▶ _DATASET EXCERPT_
=== Begin Enclosure ===

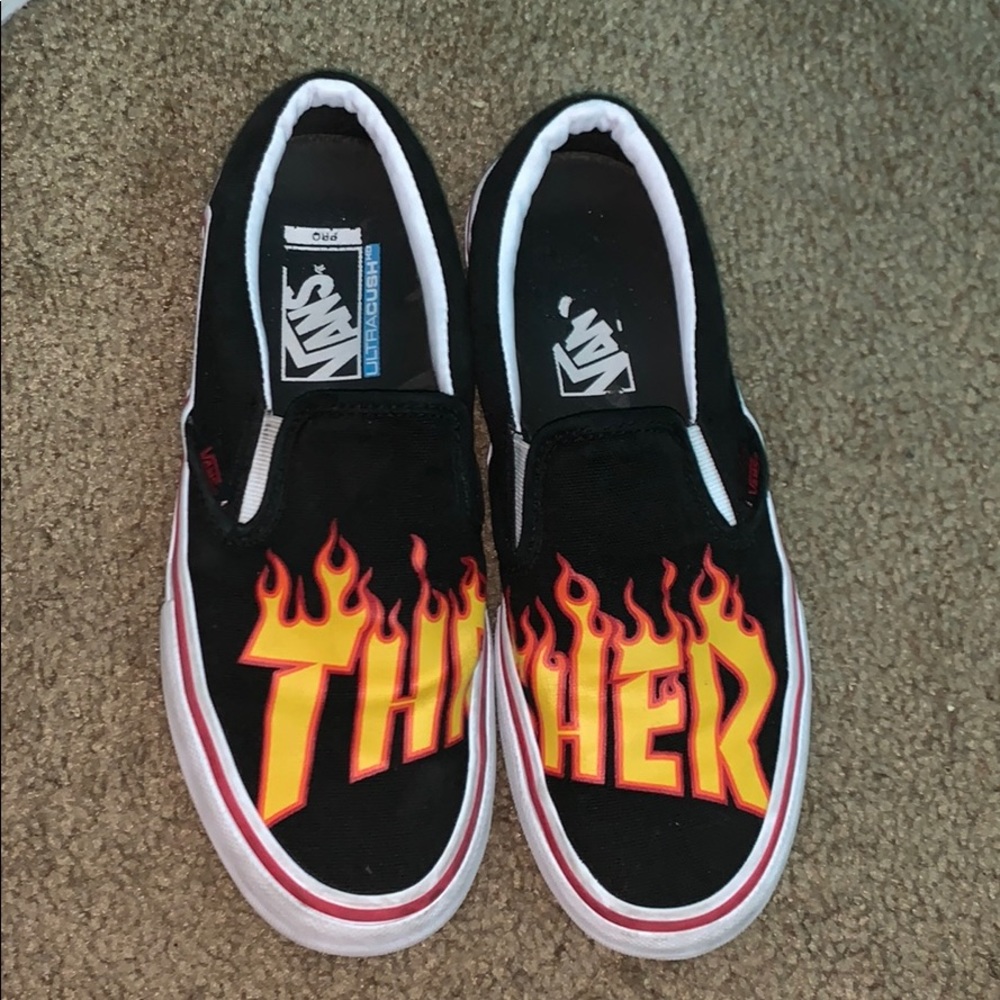 Thrasher slip on vans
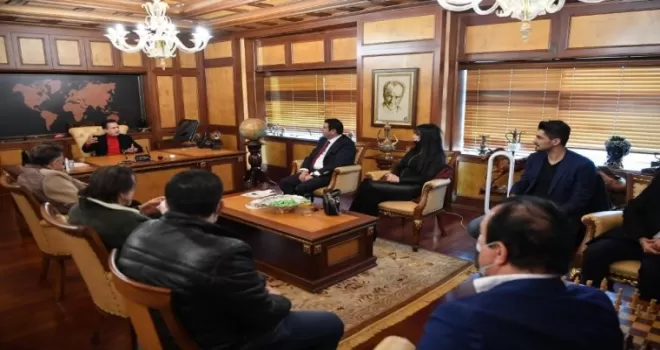 Yeşilçam yıldızlarından Başkan Yazıcı’ya ziyaret

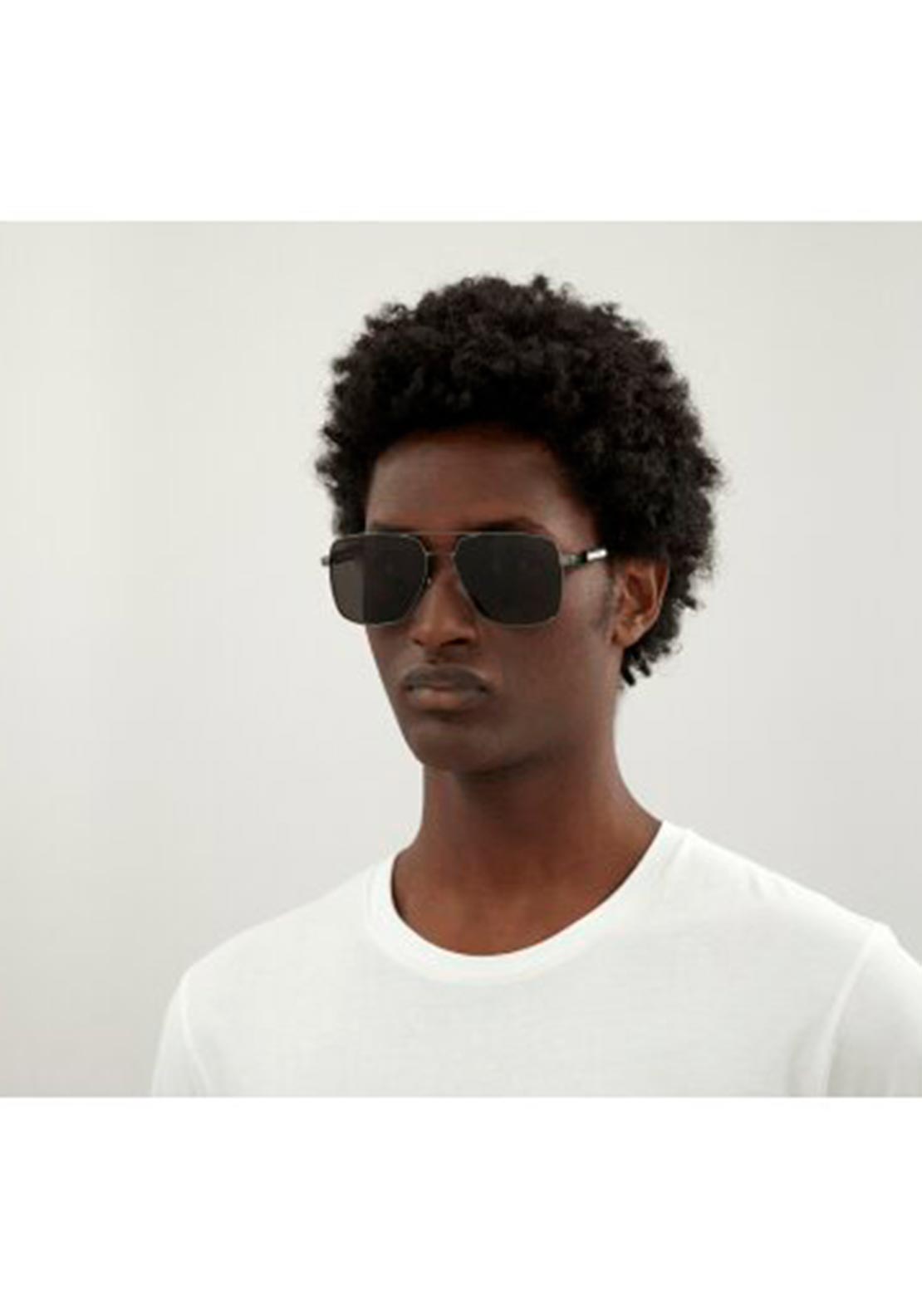 Balenciaga BB0116SA Mens Aviator Sunglasses, Grey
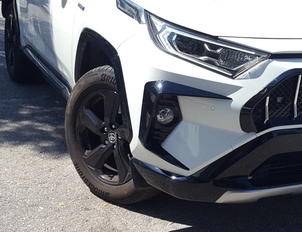 Накладки переднього бампера Toyota RAV4 (2019-...)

=== End Enclosure ===

▶ _WORK REQUIRED_
Take the line that contains "Balenciaga BB0116SA Mens" and all lines after it to the end of the material above, and copy them verbatim without any images.

▶ _ANSWER BELOW_
 Balenciaga BB0116SA Mens Aviator Sunglasses, Grey
 Накладки переднього бампера Toyota RAV4 (2019-...)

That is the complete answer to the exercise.